Rice argues that this reaction against Jews later emerged “in sublimated and projected form…in Moses and Monotheism.”

Whether or not it reveals Jewish self-hate, the letter certainly shows Freud’s intense desires to shake off the stigma of association with the Ostjuden and to become a part of the dominant German culture. This hope was bitterly disappointed during his life, and in an 1886 letter he could report to his fiancée that when someone predicted a war between Germany and France,

I promptly explained that I am a Jew, adhering neither to Germany nor to Austria. But such conversations are always embarrassing to me, for I feel stirring within me something German which I decided long ago to suppress.

One must juxtapose this letter with the earlier one to appreciate the tremendous psychological tension generated by the frustration of Freud’s assimilationist hopes.

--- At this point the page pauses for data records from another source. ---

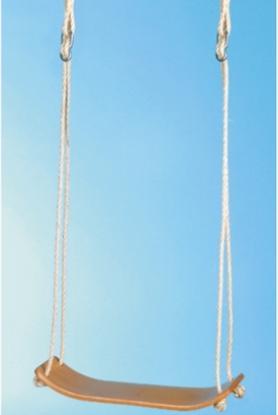 Actual product image NHF Board swing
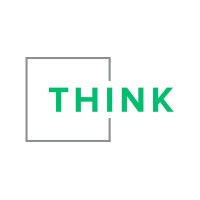 Think Display logo - Similar company to The Conversion Group (Tcg)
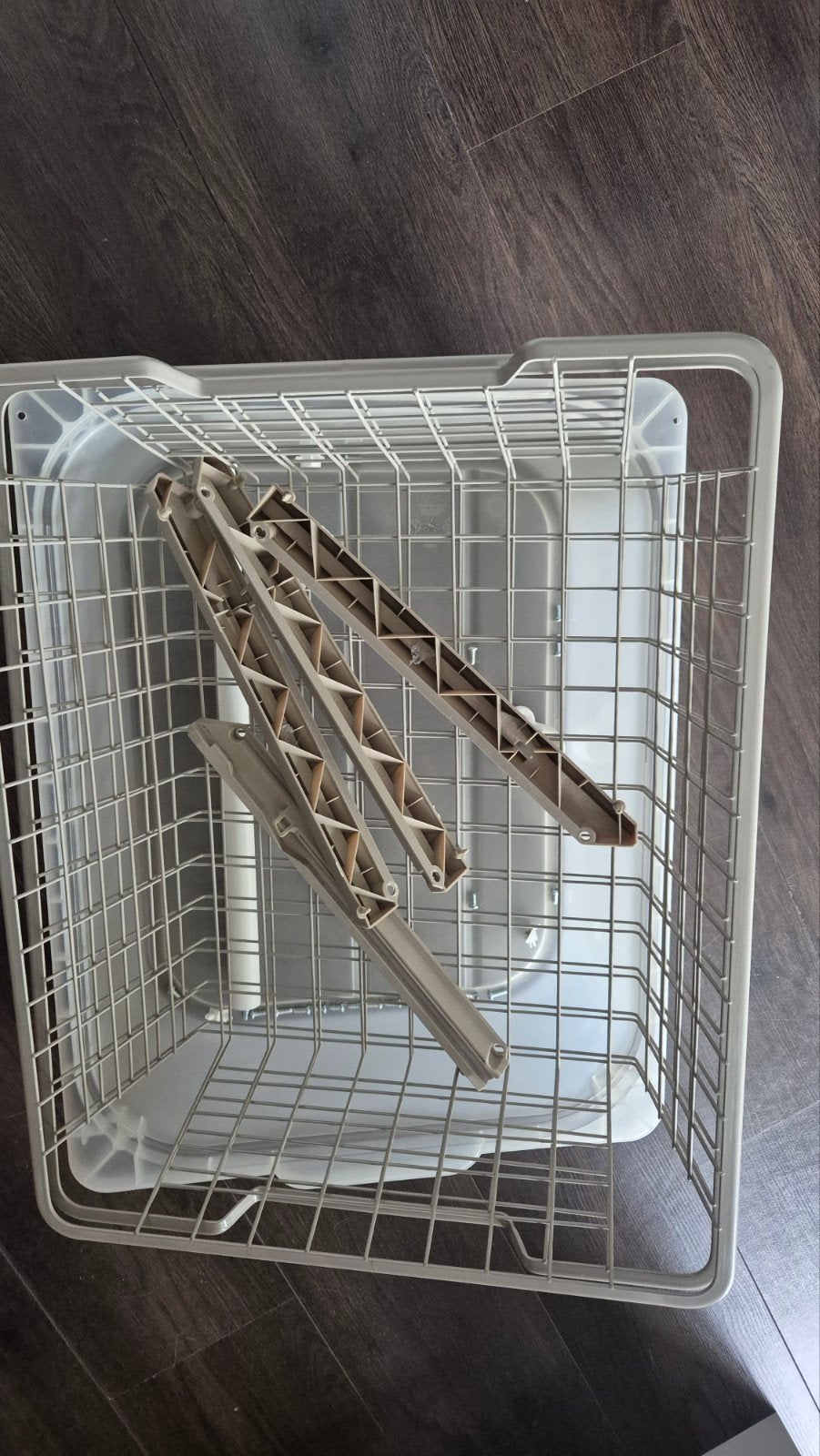 Onderdelen pax kast ikea, Ophalen, 200 cm of meer, Nieuw, 50 tot 100 cm
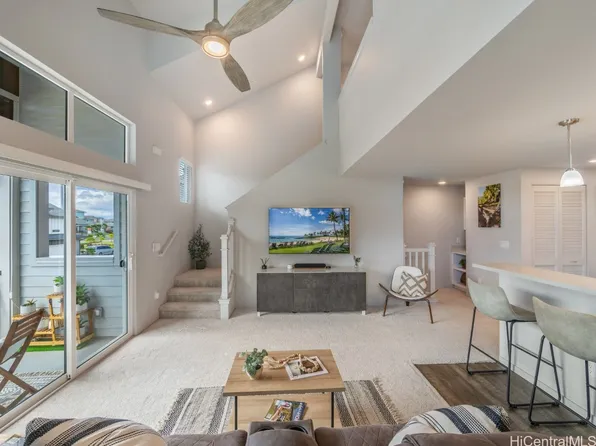91-3475 Nana Hope St #911, Ewa Beach, HI 96706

Whether one subscribes to Rice’s psychoanalytical account of how that tension played itself out in Freud’s life and work or to Yerushalmi’s emphasis on Freud’s conscious intentions, both contribute to our understanding of Freud. Not only do they illuminate a long misunderstood aspect of his personal life, but they also cast light on the relationship between his work and his times. Freud’s first interest in psychological issues developed out of his adolescent struggle to define his attitude toward religion, and once one understands the true nature of his Jewish background and the assimilationist prejudices of his culture it becomes easier to see how the historical events he lived through could have created the kinds of psychological pressures that would have influenced his work. The religious politics of Vienna, whether anticlerical, Catholic, anti-Semitic, or Jewish, held deep significance for his innermost hopes and fears; and Moses and Monotheism is but one of many works where he attempted to satisfy those inner feelings through psychoanalytic investigation.